What are the considerations a Company ought to bear in mind in structuring an employee equity benefit scheme?

There are a number of things to consider in setting up an employee equity benefit scheme vis-à-vis the Company’s objectives for setting up the scheme, such as (i) funding which speaks to the source of the scheme shares – that is, will new shares be issued or cut out from existing shares, (ii) the accounting and tax treatment of the scheme – which will largely be based on the type of scheme to be set-up; (iii) the applicable regulatory regime, for instance the Rules and Regulations of the Securities and Exchange Commission made pursuant to the Investments and Securities Act requires all shares issued by public entities to be registered with the Securities and Exchange Commission thus where a public entity is looking to issue new shares in setting up its scheme for employees, such shares will require SEC approval before any issuance is made; furthermore (iv) board and shareholders’ approvals would also be required in line with the company’s memorandum and articles of association in addition to the fact that there may be some dilution risks worth-considering by the shareholders, depending on the scheme structure.

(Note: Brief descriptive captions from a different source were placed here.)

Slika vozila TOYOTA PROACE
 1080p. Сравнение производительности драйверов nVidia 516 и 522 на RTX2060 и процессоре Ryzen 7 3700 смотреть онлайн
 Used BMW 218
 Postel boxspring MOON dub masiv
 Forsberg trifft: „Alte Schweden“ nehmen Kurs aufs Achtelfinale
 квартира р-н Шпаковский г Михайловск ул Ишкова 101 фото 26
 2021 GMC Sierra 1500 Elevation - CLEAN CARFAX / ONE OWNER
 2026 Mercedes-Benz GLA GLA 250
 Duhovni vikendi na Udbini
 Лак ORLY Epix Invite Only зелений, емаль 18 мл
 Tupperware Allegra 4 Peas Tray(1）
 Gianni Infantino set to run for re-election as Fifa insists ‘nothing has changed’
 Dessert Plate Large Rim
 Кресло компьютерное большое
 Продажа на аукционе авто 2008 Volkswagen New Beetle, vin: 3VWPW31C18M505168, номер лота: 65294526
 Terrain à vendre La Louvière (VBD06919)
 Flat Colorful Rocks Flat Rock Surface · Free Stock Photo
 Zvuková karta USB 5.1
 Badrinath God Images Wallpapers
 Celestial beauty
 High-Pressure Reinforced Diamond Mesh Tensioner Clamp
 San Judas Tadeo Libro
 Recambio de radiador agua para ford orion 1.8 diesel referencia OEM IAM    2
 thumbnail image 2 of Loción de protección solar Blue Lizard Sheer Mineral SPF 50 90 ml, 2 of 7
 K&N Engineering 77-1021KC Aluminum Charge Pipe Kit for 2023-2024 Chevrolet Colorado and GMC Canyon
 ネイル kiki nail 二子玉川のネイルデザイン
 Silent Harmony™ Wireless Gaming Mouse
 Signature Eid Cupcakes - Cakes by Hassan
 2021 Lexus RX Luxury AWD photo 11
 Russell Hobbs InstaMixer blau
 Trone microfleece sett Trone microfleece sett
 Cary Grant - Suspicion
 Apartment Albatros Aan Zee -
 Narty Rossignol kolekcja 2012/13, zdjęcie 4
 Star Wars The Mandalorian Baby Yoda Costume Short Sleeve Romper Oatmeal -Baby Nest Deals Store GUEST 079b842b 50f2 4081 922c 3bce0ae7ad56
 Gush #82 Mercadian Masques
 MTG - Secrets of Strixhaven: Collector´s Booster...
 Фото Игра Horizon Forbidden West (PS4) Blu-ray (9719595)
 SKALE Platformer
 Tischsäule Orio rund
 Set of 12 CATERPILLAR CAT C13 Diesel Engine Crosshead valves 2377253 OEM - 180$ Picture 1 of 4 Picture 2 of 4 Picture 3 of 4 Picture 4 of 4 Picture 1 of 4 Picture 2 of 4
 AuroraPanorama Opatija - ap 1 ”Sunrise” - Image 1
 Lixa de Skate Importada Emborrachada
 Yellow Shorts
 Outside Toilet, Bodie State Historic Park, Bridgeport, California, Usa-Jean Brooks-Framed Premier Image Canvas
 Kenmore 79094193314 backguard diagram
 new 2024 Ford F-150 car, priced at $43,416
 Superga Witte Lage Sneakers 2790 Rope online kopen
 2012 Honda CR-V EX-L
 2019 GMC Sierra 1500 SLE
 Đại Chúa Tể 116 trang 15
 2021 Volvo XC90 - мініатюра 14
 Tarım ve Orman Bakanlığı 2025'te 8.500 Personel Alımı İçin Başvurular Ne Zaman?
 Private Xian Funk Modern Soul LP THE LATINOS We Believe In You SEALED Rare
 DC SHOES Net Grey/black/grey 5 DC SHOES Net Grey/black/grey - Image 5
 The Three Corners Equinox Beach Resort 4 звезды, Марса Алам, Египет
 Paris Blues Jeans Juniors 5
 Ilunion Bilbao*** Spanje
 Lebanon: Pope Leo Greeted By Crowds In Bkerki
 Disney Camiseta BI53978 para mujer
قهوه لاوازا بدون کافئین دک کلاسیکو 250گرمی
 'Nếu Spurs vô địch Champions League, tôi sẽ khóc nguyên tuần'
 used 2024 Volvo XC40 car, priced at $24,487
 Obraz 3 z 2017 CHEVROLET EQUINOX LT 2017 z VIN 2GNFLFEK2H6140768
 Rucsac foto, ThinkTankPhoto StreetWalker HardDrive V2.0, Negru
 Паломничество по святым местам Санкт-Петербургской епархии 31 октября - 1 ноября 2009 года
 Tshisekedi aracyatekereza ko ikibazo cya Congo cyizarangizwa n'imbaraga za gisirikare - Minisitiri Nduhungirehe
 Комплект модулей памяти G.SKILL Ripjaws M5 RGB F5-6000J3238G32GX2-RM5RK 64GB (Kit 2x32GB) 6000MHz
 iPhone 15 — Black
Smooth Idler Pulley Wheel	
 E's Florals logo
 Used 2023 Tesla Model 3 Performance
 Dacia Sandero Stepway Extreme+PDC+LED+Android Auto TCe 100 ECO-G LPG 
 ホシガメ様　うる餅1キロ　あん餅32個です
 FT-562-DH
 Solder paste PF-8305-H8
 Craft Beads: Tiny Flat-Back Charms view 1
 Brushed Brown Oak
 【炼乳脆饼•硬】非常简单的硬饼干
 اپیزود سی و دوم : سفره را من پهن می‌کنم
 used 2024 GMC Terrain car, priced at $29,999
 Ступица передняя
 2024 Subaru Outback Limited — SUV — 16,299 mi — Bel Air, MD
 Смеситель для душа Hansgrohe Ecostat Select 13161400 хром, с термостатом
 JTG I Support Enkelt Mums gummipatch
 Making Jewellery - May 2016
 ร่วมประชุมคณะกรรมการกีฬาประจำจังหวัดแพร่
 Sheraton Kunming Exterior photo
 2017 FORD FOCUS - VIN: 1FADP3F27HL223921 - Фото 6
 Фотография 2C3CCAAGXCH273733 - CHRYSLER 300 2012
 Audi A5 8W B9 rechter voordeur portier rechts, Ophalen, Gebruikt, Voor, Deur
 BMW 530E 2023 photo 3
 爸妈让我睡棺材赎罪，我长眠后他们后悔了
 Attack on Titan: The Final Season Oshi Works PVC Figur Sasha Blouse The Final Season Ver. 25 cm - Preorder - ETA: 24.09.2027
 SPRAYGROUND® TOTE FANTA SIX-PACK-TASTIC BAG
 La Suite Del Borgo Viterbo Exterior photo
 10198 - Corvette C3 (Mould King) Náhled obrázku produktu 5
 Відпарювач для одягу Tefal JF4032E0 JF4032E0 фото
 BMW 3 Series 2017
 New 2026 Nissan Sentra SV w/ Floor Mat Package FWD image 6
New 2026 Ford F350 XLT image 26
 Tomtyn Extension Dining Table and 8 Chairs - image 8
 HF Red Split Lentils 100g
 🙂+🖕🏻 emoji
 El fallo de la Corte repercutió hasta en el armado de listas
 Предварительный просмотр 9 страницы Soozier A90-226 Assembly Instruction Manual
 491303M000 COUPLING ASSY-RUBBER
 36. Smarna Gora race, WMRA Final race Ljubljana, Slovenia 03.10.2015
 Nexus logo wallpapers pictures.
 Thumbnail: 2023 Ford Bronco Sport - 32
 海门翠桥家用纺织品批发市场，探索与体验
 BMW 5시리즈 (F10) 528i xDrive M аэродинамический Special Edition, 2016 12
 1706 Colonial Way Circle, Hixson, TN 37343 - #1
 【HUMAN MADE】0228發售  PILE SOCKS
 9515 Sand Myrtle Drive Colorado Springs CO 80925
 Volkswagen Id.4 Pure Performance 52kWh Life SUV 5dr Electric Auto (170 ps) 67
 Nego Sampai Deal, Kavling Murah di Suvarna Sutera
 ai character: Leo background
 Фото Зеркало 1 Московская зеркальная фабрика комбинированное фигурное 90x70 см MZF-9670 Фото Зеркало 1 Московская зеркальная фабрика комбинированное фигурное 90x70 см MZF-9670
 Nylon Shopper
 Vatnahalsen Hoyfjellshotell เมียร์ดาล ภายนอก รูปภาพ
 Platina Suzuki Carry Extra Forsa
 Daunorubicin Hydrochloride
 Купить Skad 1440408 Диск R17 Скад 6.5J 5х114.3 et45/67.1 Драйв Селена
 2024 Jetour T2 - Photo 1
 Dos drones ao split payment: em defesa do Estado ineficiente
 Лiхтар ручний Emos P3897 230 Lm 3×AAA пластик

All these will help in determining the type of scheme to be implemented. At the point of the establishment of the Scheme, the company will also need to consider eligibility criteria – that is, who qualifies to be a member of the scheme in addition to the terms and conditions for vesting of the scheme shares as well as guidelines on the effect of staff exits on their membership of the scheme.

Is there an ideal size of workforce or corporate entity for employee equity benefit schemes?

Employee Equity Benefit Schemes may be implemented by public and private entities, small and medium-sized businesses as well as large corporates and there is no ideal size of workforce. The determination of the scheme structure will be largely guided by the company’s objectives. For example, the company may consider that in line with its objectives only certain cadre of its employees should be eligible to benefit under the scheme or may implement a hybrid scheme to foster inclusion of all its employees based on their contributions to the bottom-line.

What other services does Vetiva Trustees offer to corporates?

Response: Vetiva Trustees offers a myriad of trust services and solutions to corporate entities ranging from security trust services for security and debenture trusts, syndications, and club deals; trusteeship to Bond and Note offerings, Collective Investment Schemes, and Employee Benefit Schemes as well as Escrow Agency services.

Are there any options available to individuals?

Successful individuals, with ever-growing financial requirements and aspirations, high or ultra-high-net-worth individuals may wish to put in place estate planning structures to safeguard and consolidate their continuously growing assets, as well as plan towards a smooth, confidential, and tax-efficient transfer of those assets from one generation to the next, while maintaining an active role in making investment decisions.

Given their comparative benefits, Trusts remain an attractive vehicle for leaving a legacy while securing the future of beneficiaries and ensuring an adequate succession structure is put in place, even while the settlor is alive. For instance, one can structure a succession plan for his estate while setting up a private foundation.

At Vetiva Trustees, our understanding of the fact that no two individuals are the same and consequently objectives would differ spurs our passion for the setting up and management of bespoke trust structures while maintaining the highest fiduciary standards. We also have service offerings for low-middle income earners which cut across education trusts and estate planning devices.